There are two possible solutions to this. The first is to increase the bins to the number where there are no longer clashes. This occurs with 118 bins. Whilst this entails the least geographic distortion, the hexagons are now too small to be legible:

The second possibility is to increase the size of the areas where the clashes are occurring. This is controlled by the number of bins where the fewer the bins, the greater the amount of geographic distortion that will be created. The following map was set with a target of 25 bins (raised to 29 during its production) and consequently has more distortion.

However, that same map can be used to produce a non-tessellating tile map of the data, which, when combined with the original map, produces a quite attractive representation of the house price geography:

Creating a hexogram in R

The first step is to source the required functions

script <- RCurl::getURL("https://raw.githubusercontent.com/profrichharris/Rhexogram/master/functions.R")
eval(parse(text = script))

The second is to decide on the number of bins

… remembering that fewer bins will create more of a tile map but also more geographic distortion, and too many bins will result in hexograms that are hard to see. There is no correct number - it depends on the purpose - but in making a judgment it is helpful to gauge the expected number of conflicts (places without a unique hexagon) for each number of bins as this will suggest how many of the places will have to be enlarged to create the final map.

par(mai=c(1,1,0.3,0))
binN(map)

Because there is no right answer some trial-and-error is anticipated. Here we will try using 29 bins and also 48. The former is expected to generate the most geographic distortion and to take longer to generate. Be warned, the process takes time to generate the cartogram and requires some patience. Specifically, the first hexogram took 5 minutes to produce on my laptop. The second took 3.

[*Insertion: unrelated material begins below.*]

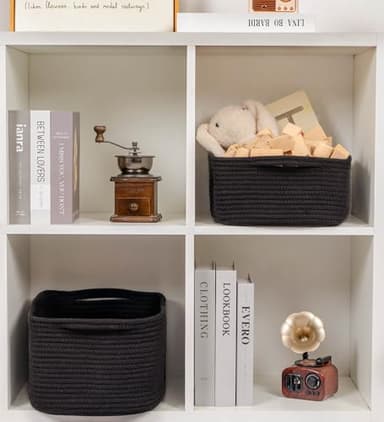 CubesLand Cute and Durable Small Cotton Rope Basket for Organizing, Woven Closet Storage Bin,Shelves Closet Storage Basket, Bathroom Storage Organizer Bin, Nursery Toy Basket Bin, Black Basket - Image 5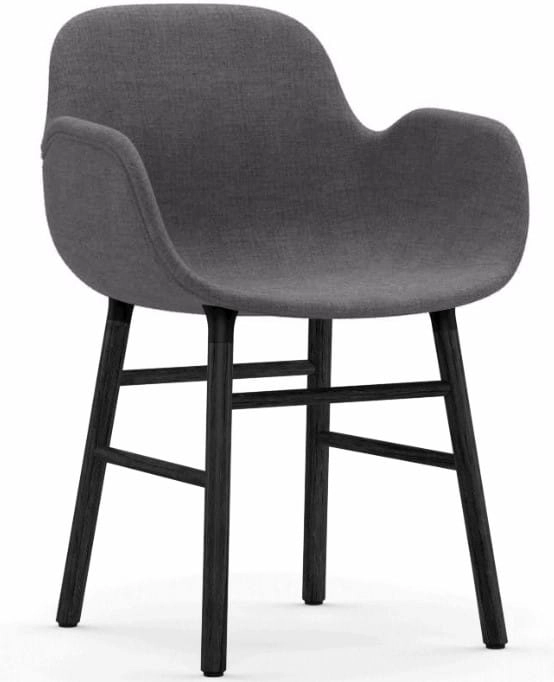 NORMANN COPENHAGEN krzesło tapicerowane z podłokietnikami FORM WOOD czarne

hex29 <- hexogram(map, 29)
hex48 <- hexogram(map, 48)

The process works as follows. To begin, an initial cartogram is created that increases the size of the smallest areas in the map. Hexagonal binning is then applied to the centroids of the cartogram, identifying areas that conflict, i.e. share a hexagon. To address these conflicts, an attempt is made to move the centroids to different parts of the conflicted areas to see if that will seperate them. If not, the areas are enlarged some more to see if that works. The process iterates through these procedures but as a last resort will attempt a third approach, which is increasing the number of bins.

Having produced the hexograms, we can map them

Assuming the code was followed at the beginning of the tutorial to produce the initial choropleth map then the hexogram can be mapped as follows:

par(mai=c(0,0,0.5,0))
par(mfrow=c(2,2))
carto <- hex29[[1]]
hexo <- hex29[[2]]
outline29 <- rgeos::gBuffer(carto)
choropleth(carto, z, shading = shades, border = "white")
plot(outline29, add=T)
choropleth(hexo, z, shading = shades, border = "black", add = T)
choro.legend(52473, 622458, shades, between = "to <")
title("Hexogram with 29 bins")
choropleth(carto, z, shading = shades, border = "white")
plot(outline29, add=T)
title("Underlying cartogram")
carto <- hex48[[1]]
hexo <- hex48[[2]]
outline48 <- rgeos::gBuffer(carto)
choropleth(carto, z, shading = shades, border = "white")
plot(outline48, add=T)
choropleth(hexo, z, shading = shades, border = "black", add = T)
title("Hexogram with 48 bins")
choropleth(carto, z, shading = shades, border = "white")
plot(outline48, add=T)
title("Underlying cartogram")

Overlaying the hexograms upon the original map would avoid seeing some of the distortion to the study region’s boundary but it is not ideal because of the geographical distortion, which is worse in the first case:

par(mai=c(0,0,0.5,0))
par(mfrow=c(1,2))
hexo <- hex29[[2]]
plot(map, col="light grey", border="light grey")
choropleth(hexo, z, shading = shades, border = "black", add = T)
plot(outline29, lty = "dotted", add = T)
title("Overlaid upon the original map")
hexo <- hex48[[2]]
plot(map, col="light grey", border="light grey")
choropleth(hexo, z, shading = shades, border = "black", add = T)
plot(outline48, lty = "dotted", add = T)

However, with some re-arrangement of the hexagons, which returns those that are less clustered and towards the edge of the map back to their original positions, a non-tessellating tile map can be produced:

par(mai=c(0,0,0.5,0))
par(mfrow=c(1,2))
newhex <- reallocate(map, hex29)
choropleth(map, z, shading = shades, border = "white")
choropleth(newhex, z, shading = shades, border = "black", add = T)
choro.legend(52473, 622458, shades, between = "to <")
title("Tile maps combined with the original map")
newhex <- reallocate(map, hex48)
choropleth(map, z, shading = shades, border = "white")
choropleth(newhex, z, shading = shades, border = "black", add = T)

Further examples

Mapping the 2015 UK General Election results

Harris et al. (2017a) take the example of the 2015 UK General Election results as a motivation for the balanced cartogram. Their example is shown below.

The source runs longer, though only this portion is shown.